(Data provided begins)

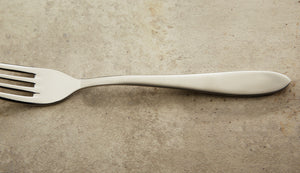 widelec stołowy Salerno matowy; 20.2 cm (D); srebro, Griff srebro; 12 sztuka / opakowanie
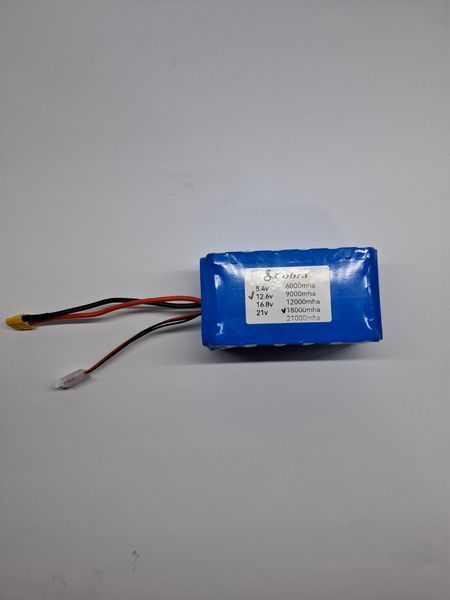 Акумулятор для кораблика 8.4V 18000mha T-Plug 181128 фото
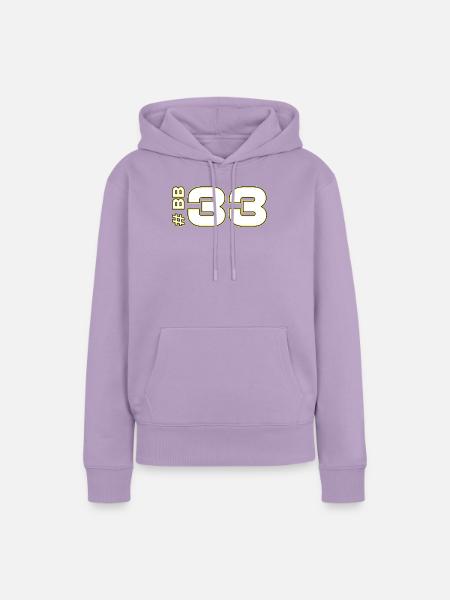 -BB33-2026 - Frauen Premium Bio Hoodie - Lavendel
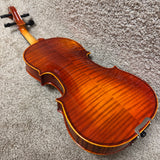 Unlabeled Violin w/Case and Bow 4/4 C
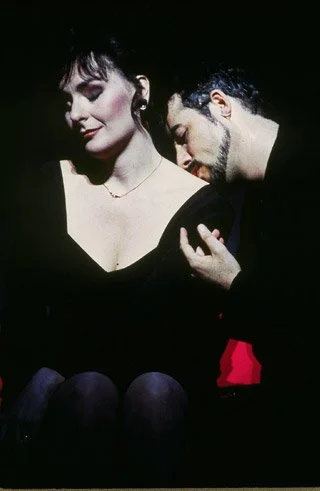 Judy as Luisa in NINE with Paul Schoeffler at Paper Mill Playhouse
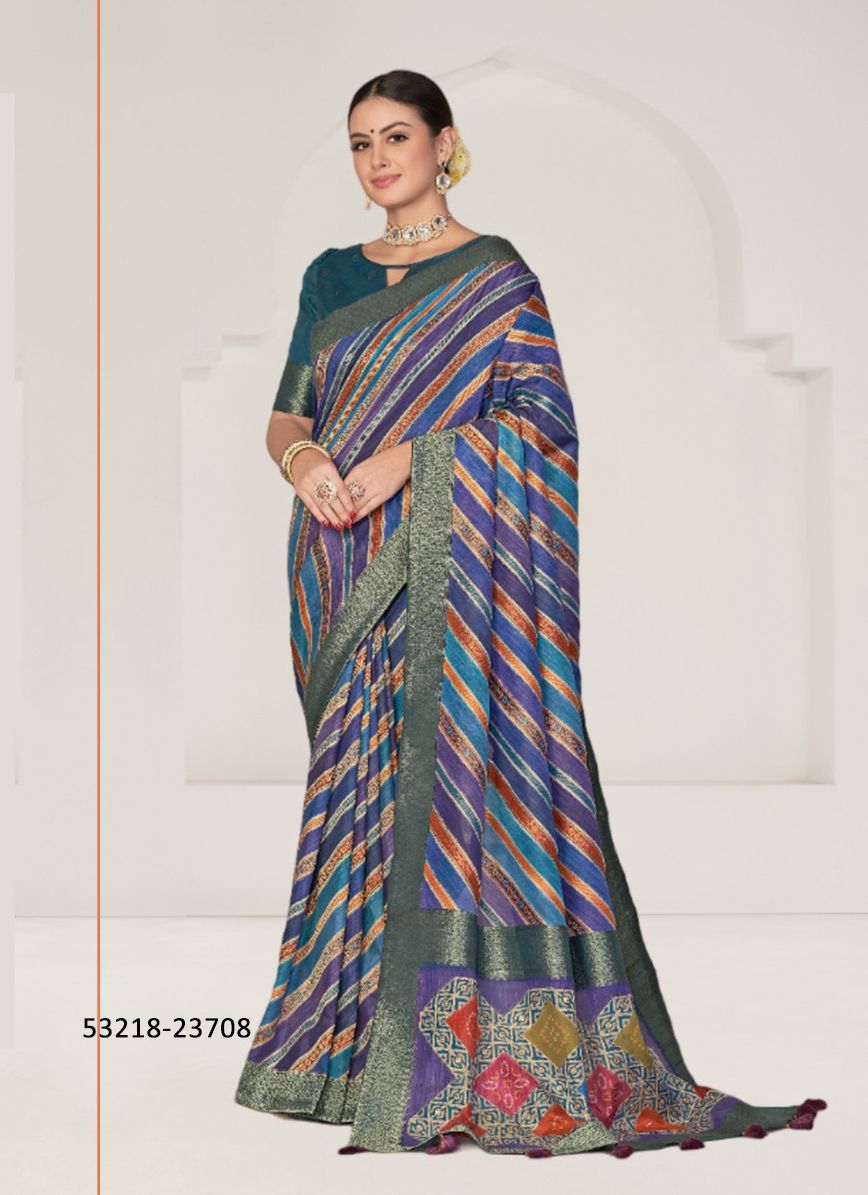 ESHANI - CATALOG # 53218 (SET OF 9 SAREES)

(Data provided ends)

The expected output is the full material above, unaltered, with pictures removed.

 widelec stołowy Salerno matowy; 20.2 cm (D); srebro, Griff srebro; 12 sztuka / opakowanie
 Акумулятор для кораблика 8.4V 18000mha T-Plug 181128 фото
 -BB33-2026 - Frauen Premium Bio Hoodie - Lavendel
 Unlabeled Violin w/Case and Bow 4/4 C
 Judy as Luisa in NINE with Paul Schoeffler at Paper Mill Playhouse
 ESHANI - CATALOG # 53218 (SET OF 9 SAREES)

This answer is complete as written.